2023-02-01 06:54:07 | 浅い霊感から神人合一まで

◎イスラエル・ベン・エリアザールのグループの祈り

 

世界的に霊がかりが一掃される趨勢となったのは20世紀になってからだが、霊がかりやそうでないものも混交したユダヤ教では、18世紀ハシディズムの中に脱霊がかりなマスターが登場した。それが、西ウクライナ生まれのハシディズムの創始者イスラエル・ベン・エリアザール(バアル・シェム・トブ(聖なる御名の師家))。

 

それは彼の弟子のメツェリチェのマギドの次の祈りの説明でもわかる。

 

『実際にはバアル・ シェム・トヴの内弟子たちは律法の伝統においてもカバラーにおいても極めて高度な教育を受けていた。彼の一番弟子であるメツェリチェのマギドは、師の教えを広めたのみならず、自分自身の洗練された哲学的な様式でそれを発展させた。

 

祈るときは、自らを無とし、完全に自分を忘れよ。ただ自分は〈神の臨在〉のために祈っているということだけを覚えておれば良い。そうすれば<思考の宇宙>、すなわち時間を超越した意識の状態に入ることができるだろう。
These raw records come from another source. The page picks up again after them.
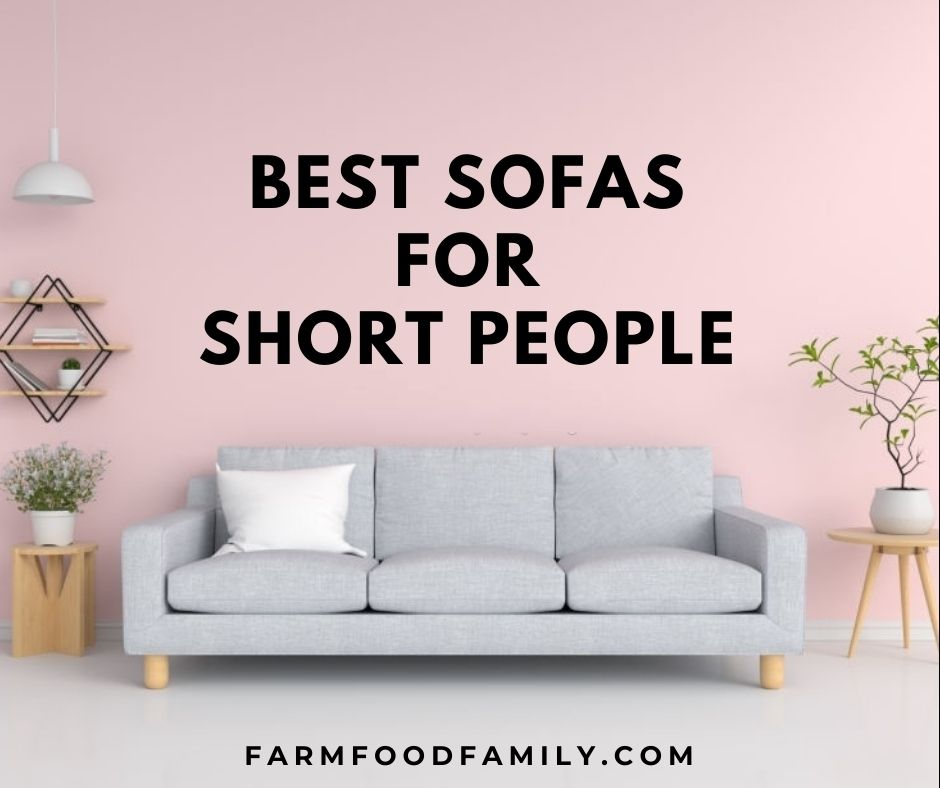 Best Sofas Couches For Short People, Shallow Depth Leather Sofa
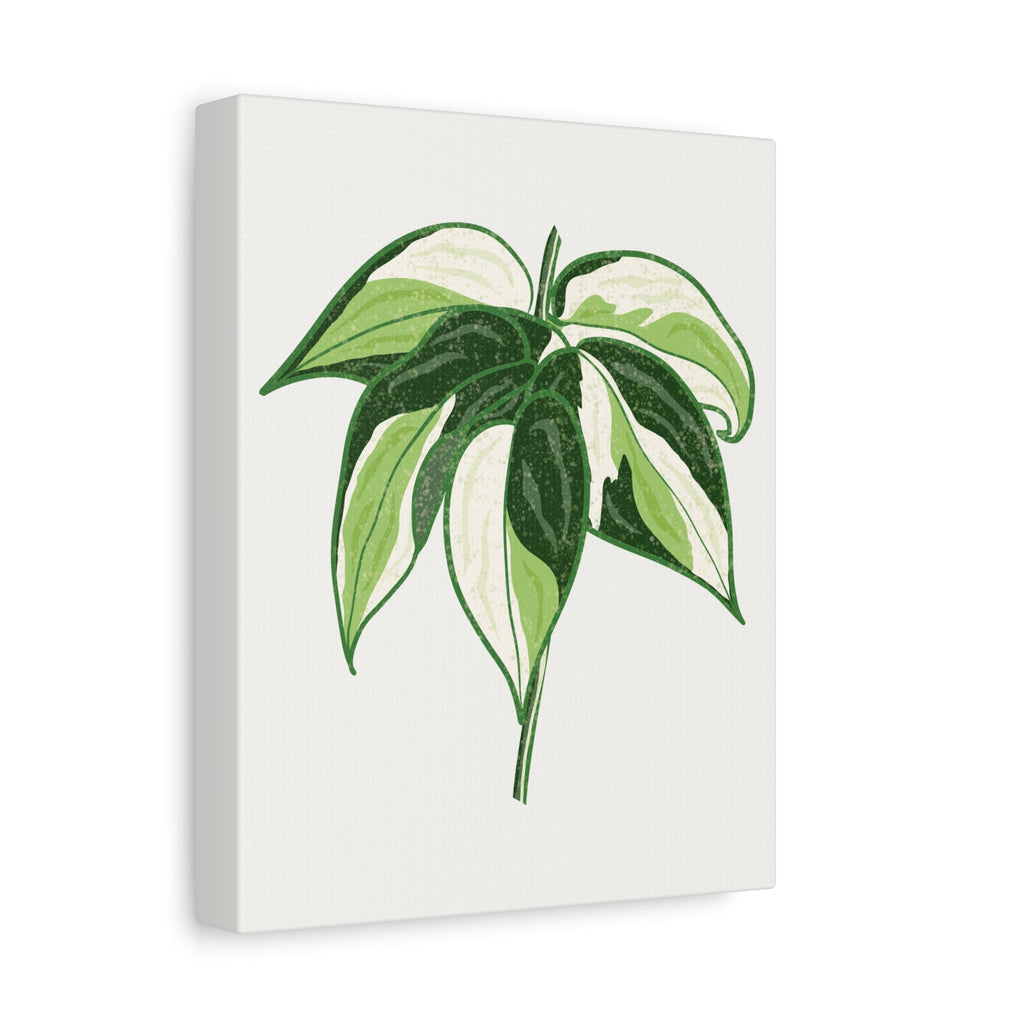 Philodendron Cream Splash Canvas Print – Botanical Wall Art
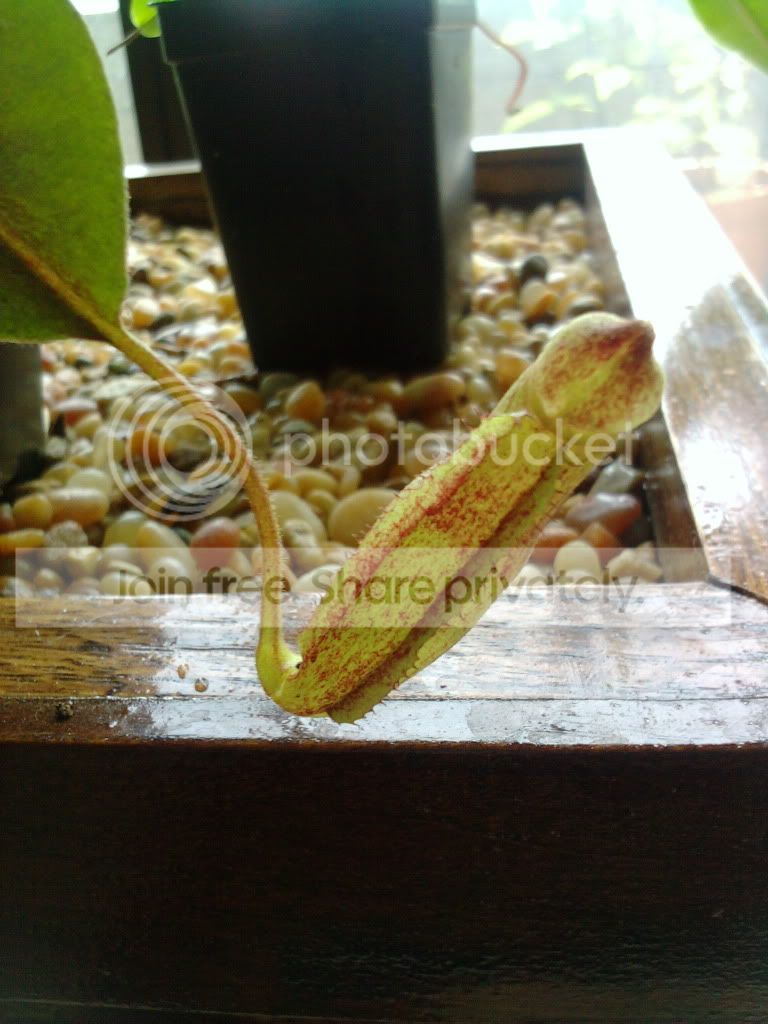 2011-07-14124447.jpg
この領域においては、あらゆるものは等しい生命――と死も、陸と海も・・・・・・だがこの領域に入るには、自我を放棄し、あらゆる問題を忘れ去らなくてはならない。

 

物質的、世俗的な事柄に執着したままでは、到底この水準に到達することはできない。そこに執着する者は、善と悪の分離、すなわち<創造>の七日間の間の二元論から脱することができないからだ。このような者が、如何にすれば究極的な統合が支配する領域に接近できようか。

 

さらに自らを「某(なにがし)か」であると考え、自らの必要のために〈神〉に祈る者の中に〈神〉は現れることはできぬ。〈神〉は無限であり、自ら〈無〉となった器以外は、如何なる種類の器にも盛ることはできぬ。

 

祈りにおいては、自らの力のすべてを単語に込め、文字から文字へ、自らの肉体を忘れるまでに没入せねばならぬ。文字の置換は、肉体的にも、また霊的にも汝の心に大いなる喜びをもたらす。』

(カバラーの世界/パール・エプスタイン/著 青土社P165-166から引用)

 

時間を超越した意識、万物斉同、自我の放棄と二元からの卒業と、一通り神(第六身体、アートマン)に至る要素が整理され揃っている。これぞ知性の極みであり、何が起こったかをわかっている者でなければ、書けない一文である。